In order to be a class member of the Pigford v. Glickman case, black farmers must have been in operation over 30 years ago and must have participated in the case. That means they’d have to still be around to apply for a license to grow medical marijuana in 2017.
The exact number of black farmers who actually qualify is a mystery.
USDA data shows only 284 claims prevailed in the Pigman case. Other states, like Alabama and Mississippi, had more than 3,000 prevailing claimants each.
Columbus Smith, a black farmer from Panama City, filed a lawsuit challenging the law in Leon County circuit court in September, alleging that the new law is unconstitutional and unfairly narrow -- with so many restrictions -- that only a very small number of black farmers can qualify to get one of the coveted licenses to grow medical pot in Florida.
A Leon County circuit court judge sided with Smith last month and granted a temporary injunction in the case, which essentially implies Smith's case has a strong likelihood of prevailing in court.

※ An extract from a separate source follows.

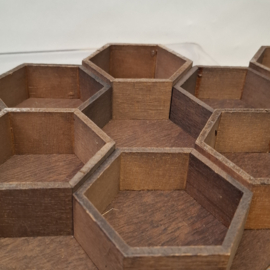 Vintage Hexagon Letterbak / Honingraat - Vakjes - Muurdecoratie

Florida has gotten off to a rocky start implementing the new medical marijuana law. The state missed the October deadline to dole out 10 new licenses to cultivate and sell medical marijuana in the Sunshine State, which some activists say could cause serious problems for needy Floridians.
“This [bill] is badly needed because due to the poor implementation of SB8A...we are getting in front of an oncoming public health crisis,” said Gary Stein of NORML Florida.
The bill now heads to the Senate Appropriations Committee for approval.